▶ **Supplied records**:

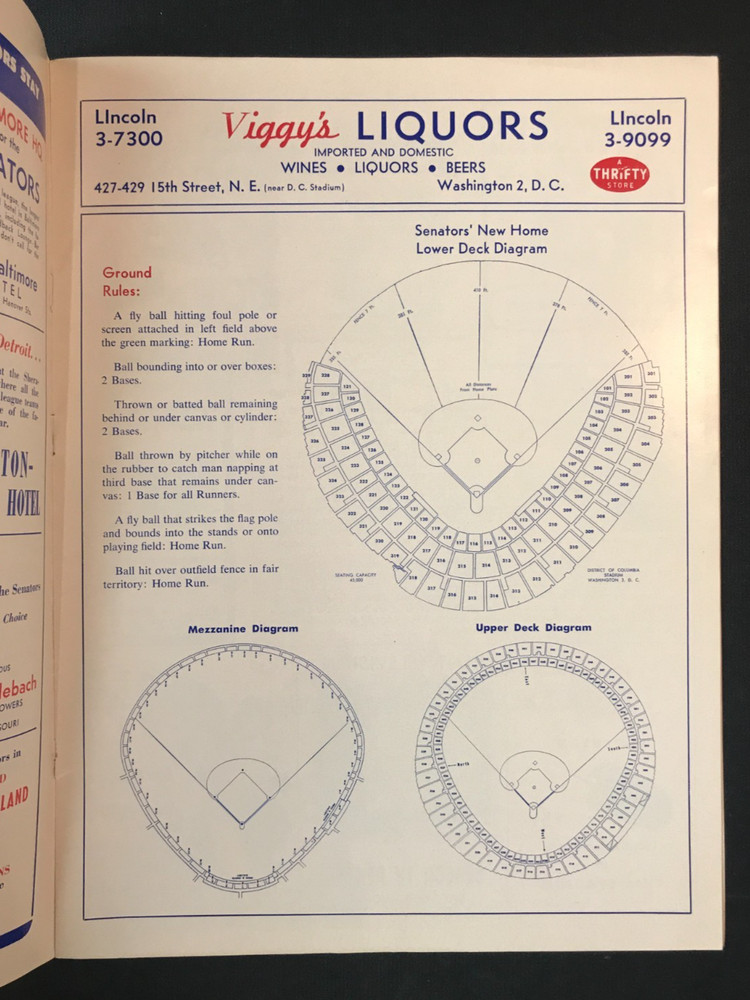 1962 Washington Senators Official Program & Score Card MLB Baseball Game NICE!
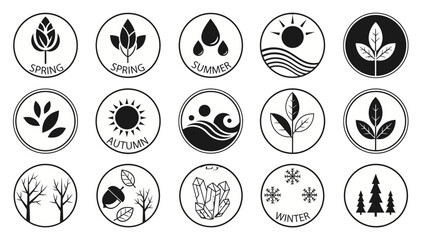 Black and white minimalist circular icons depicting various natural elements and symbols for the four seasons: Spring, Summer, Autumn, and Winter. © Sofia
==
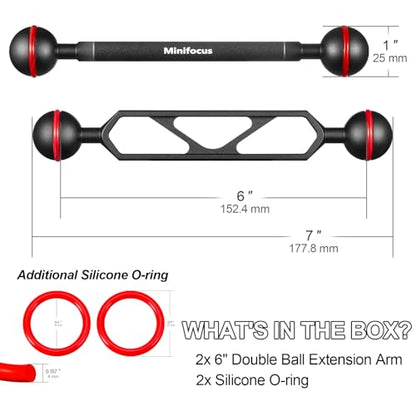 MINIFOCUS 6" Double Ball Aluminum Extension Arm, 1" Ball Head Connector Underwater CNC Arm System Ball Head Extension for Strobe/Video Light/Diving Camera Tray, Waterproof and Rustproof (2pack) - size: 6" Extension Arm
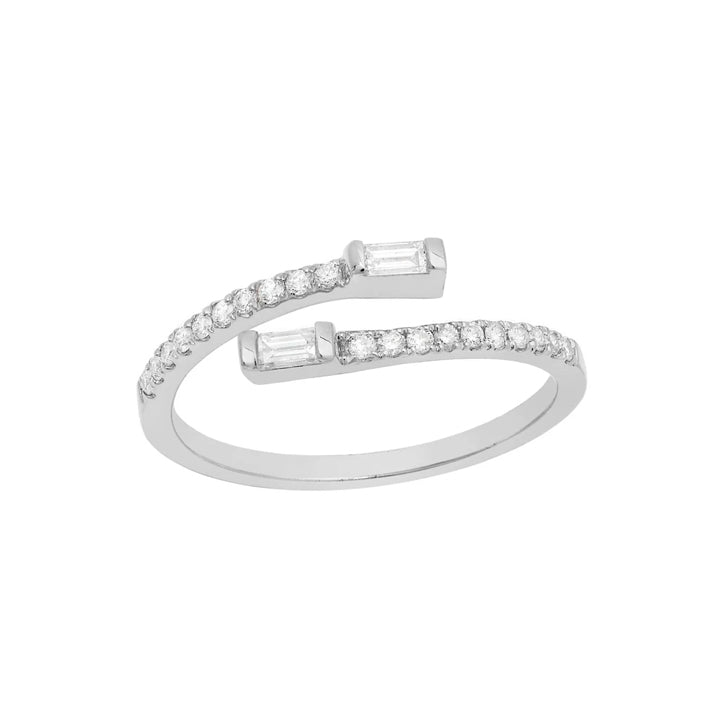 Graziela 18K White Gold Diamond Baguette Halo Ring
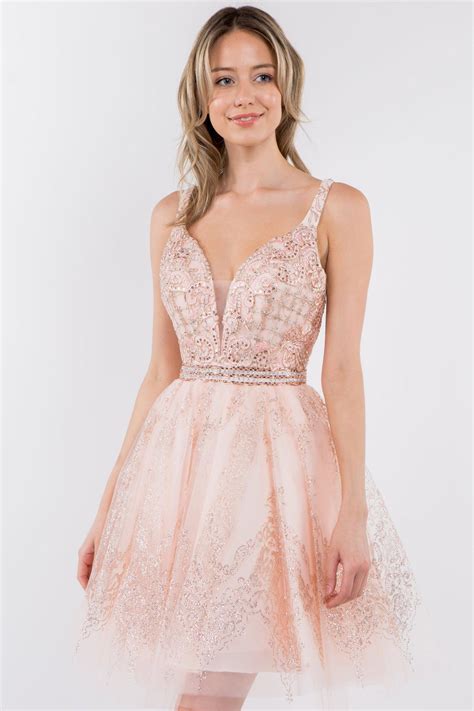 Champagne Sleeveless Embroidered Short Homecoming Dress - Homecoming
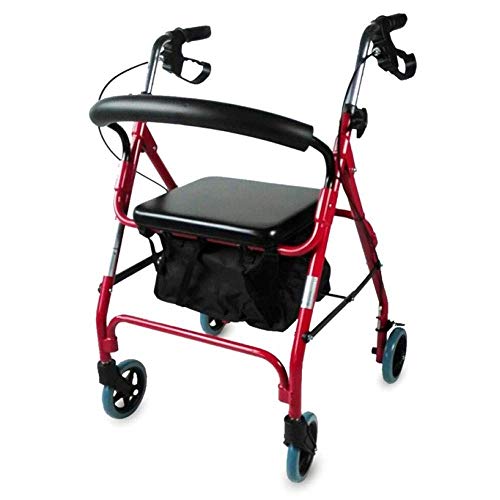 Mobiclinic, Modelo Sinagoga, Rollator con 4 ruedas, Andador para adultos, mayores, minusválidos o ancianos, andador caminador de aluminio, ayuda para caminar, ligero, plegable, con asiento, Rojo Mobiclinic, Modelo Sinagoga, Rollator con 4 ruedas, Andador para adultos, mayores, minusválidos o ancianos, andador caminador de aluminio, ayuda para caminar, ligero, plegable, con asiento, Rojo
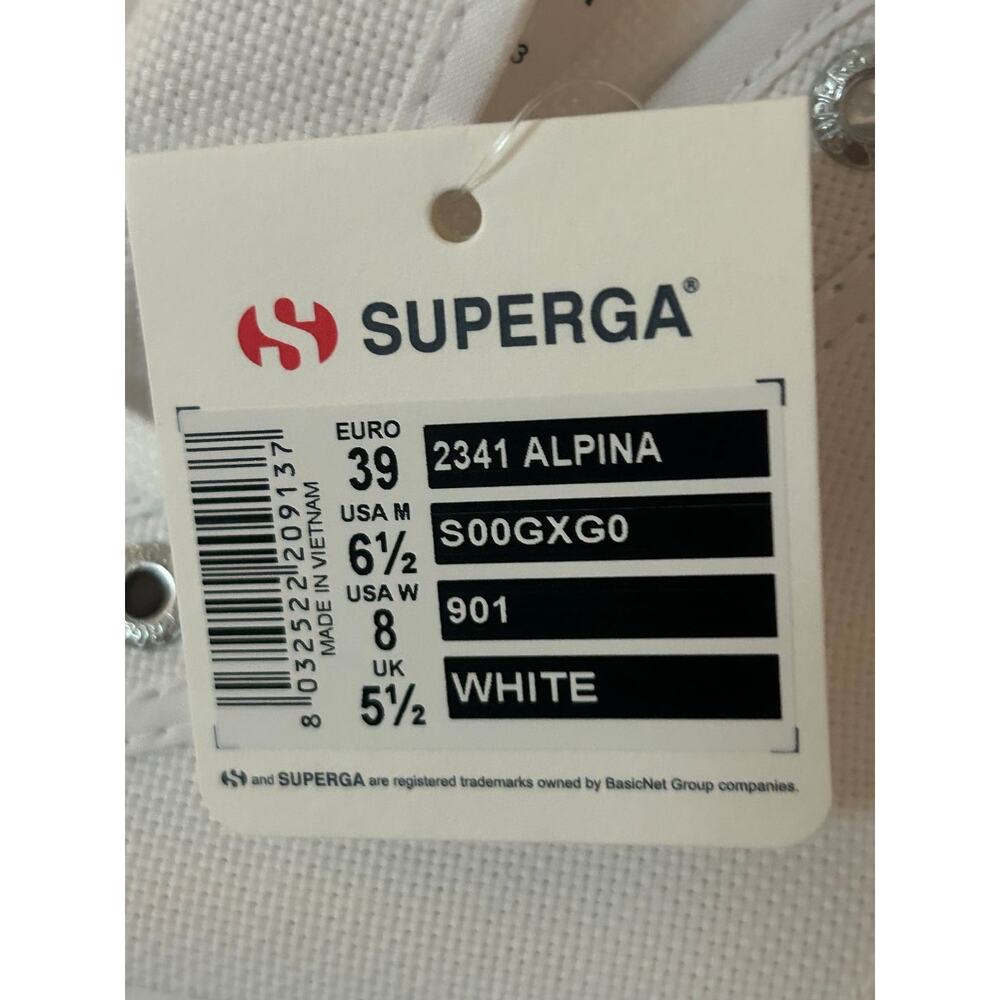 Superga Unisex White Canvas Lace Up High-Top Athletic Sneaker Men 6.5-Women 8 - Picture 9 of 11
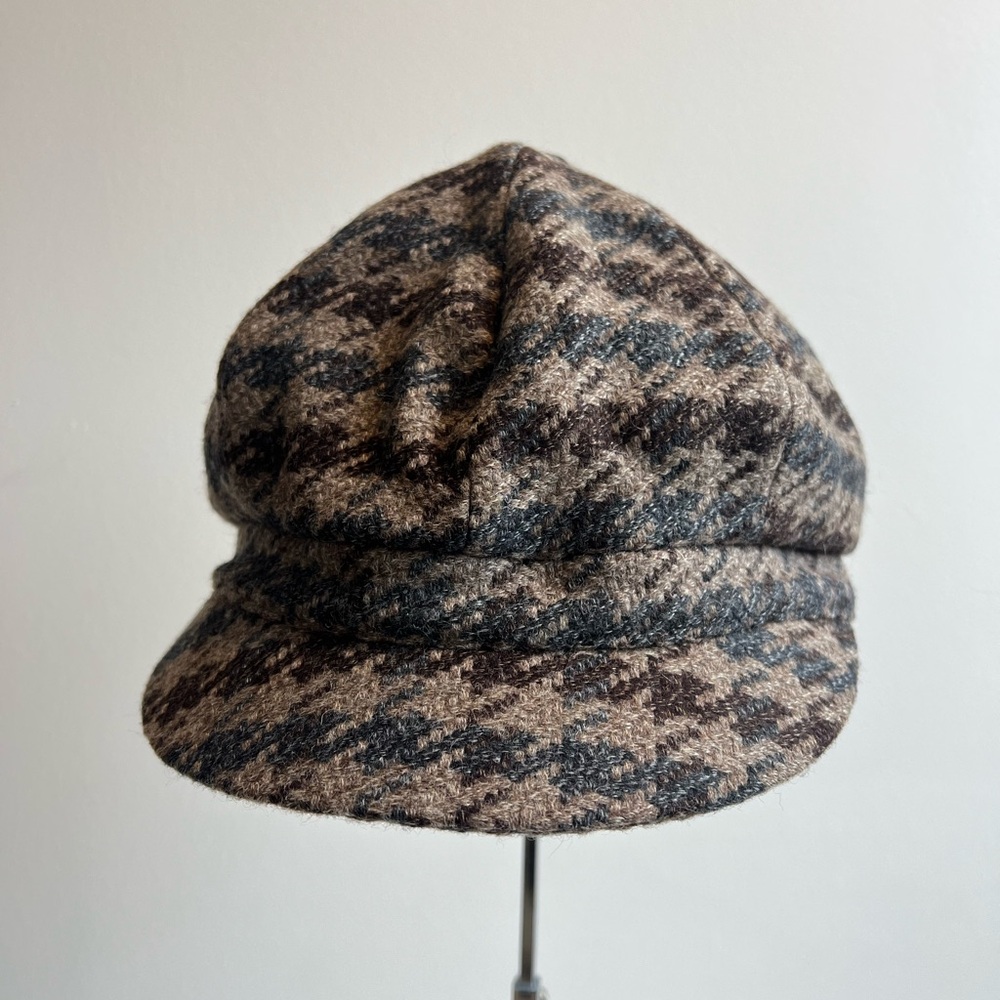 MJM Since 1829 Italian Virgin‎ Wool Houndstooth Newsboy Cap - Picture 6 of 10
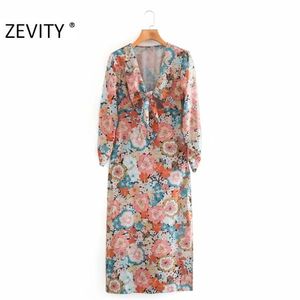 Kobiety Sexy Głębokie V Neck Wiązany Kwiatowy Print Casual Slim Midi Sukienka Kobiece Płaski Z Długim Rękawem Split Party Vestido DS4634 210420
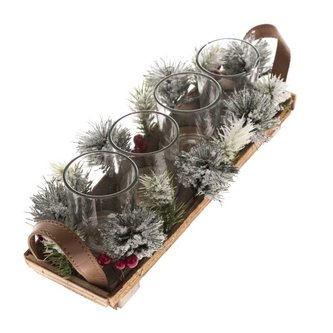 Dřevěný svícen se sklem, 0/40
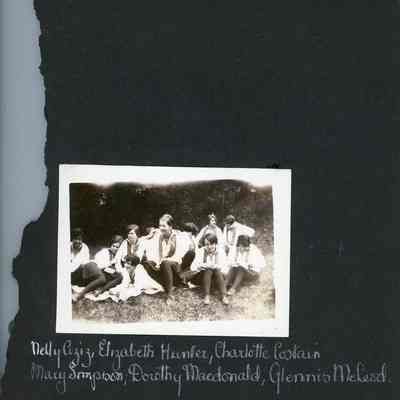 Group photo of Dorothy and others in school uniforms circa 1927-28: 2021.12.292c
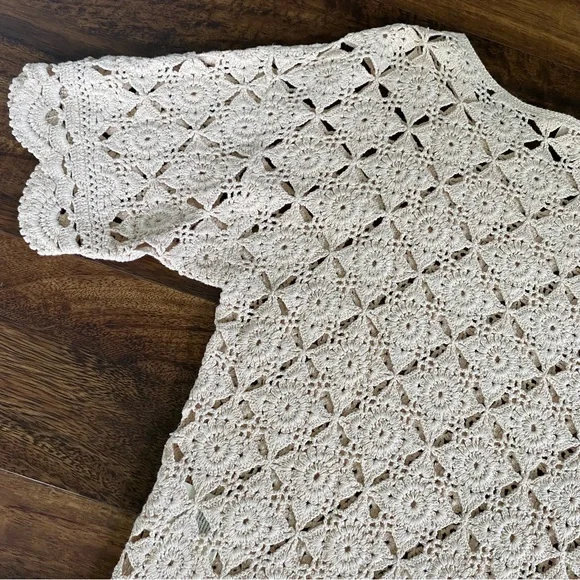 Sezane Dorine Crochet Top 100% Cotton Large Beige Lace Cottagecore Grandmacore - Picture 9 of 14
* * *
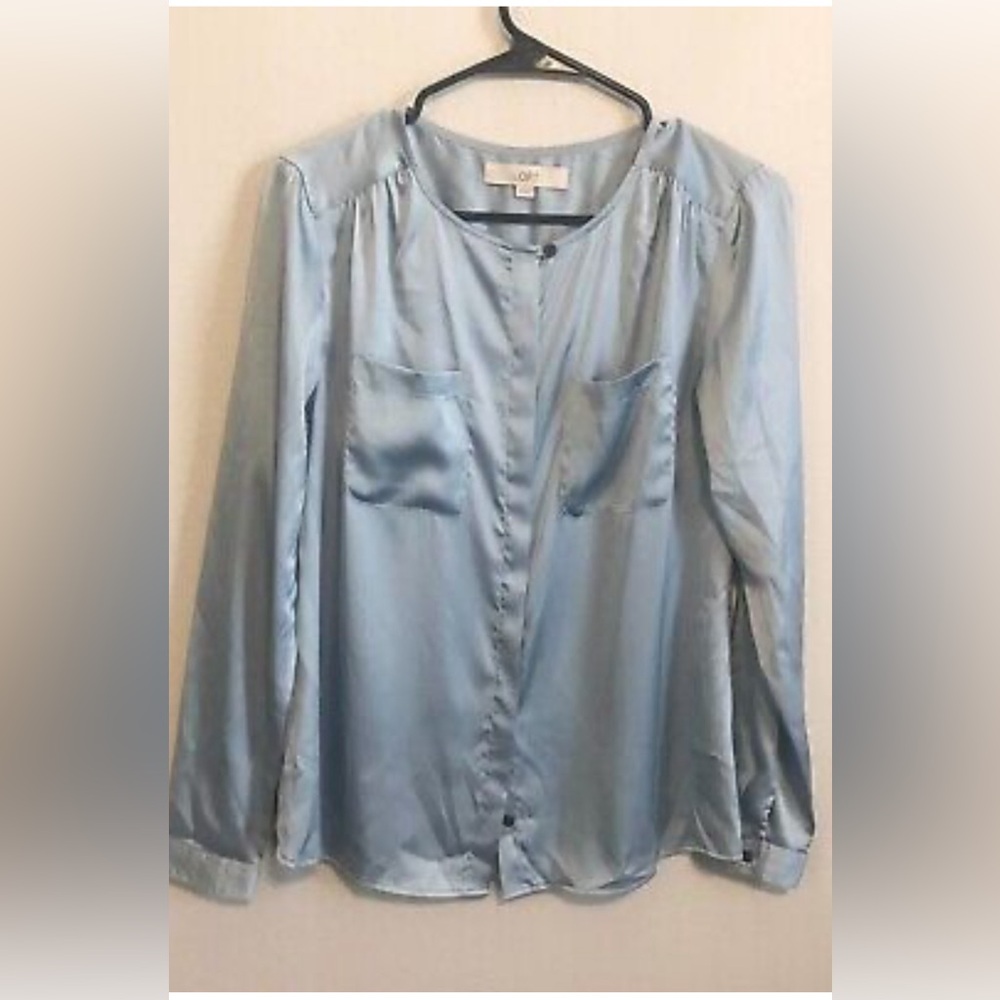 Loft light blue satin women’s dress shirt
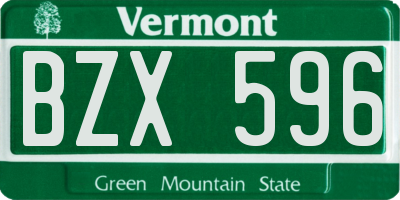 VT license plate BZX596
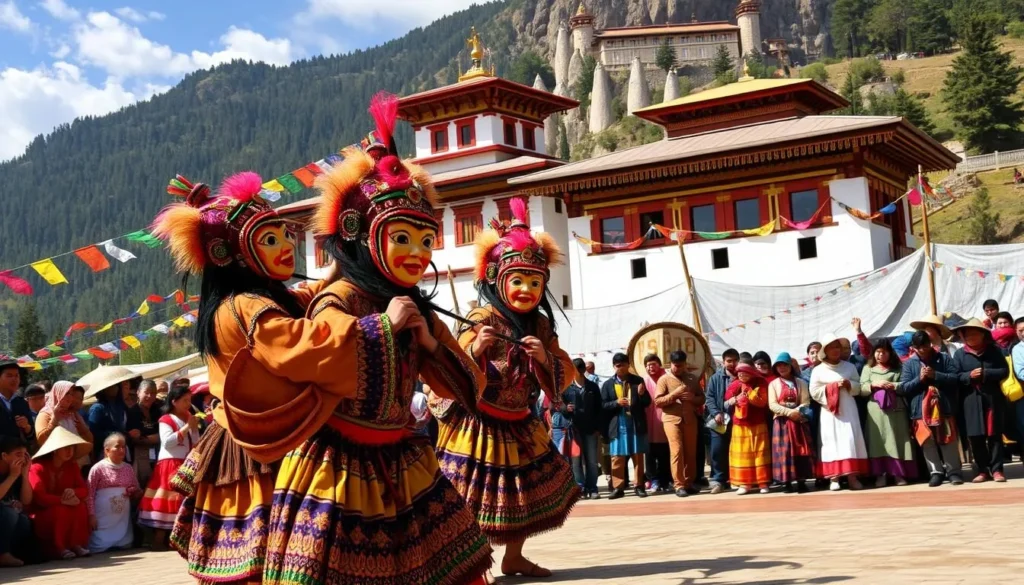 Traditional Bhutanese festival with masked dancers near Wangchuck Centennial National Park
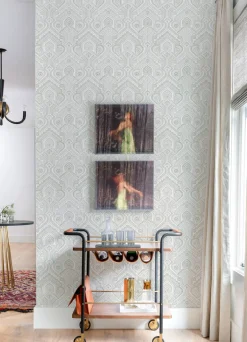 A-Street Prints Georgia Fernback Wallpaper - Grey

▶ **How to complete this task**:
Go to the line above holding "Traditional Bhutanese festival", then copy exactly each line down to and including the one holding "A-Street Prints Georgia", leaving pictures out.

▶ **Answer to the exercise**:
 Traditional Bhutanese festival with masked dancers near Wangchuck Centennial National Park
 A-Street Prints Georgia Fernback Wallpaper - Grey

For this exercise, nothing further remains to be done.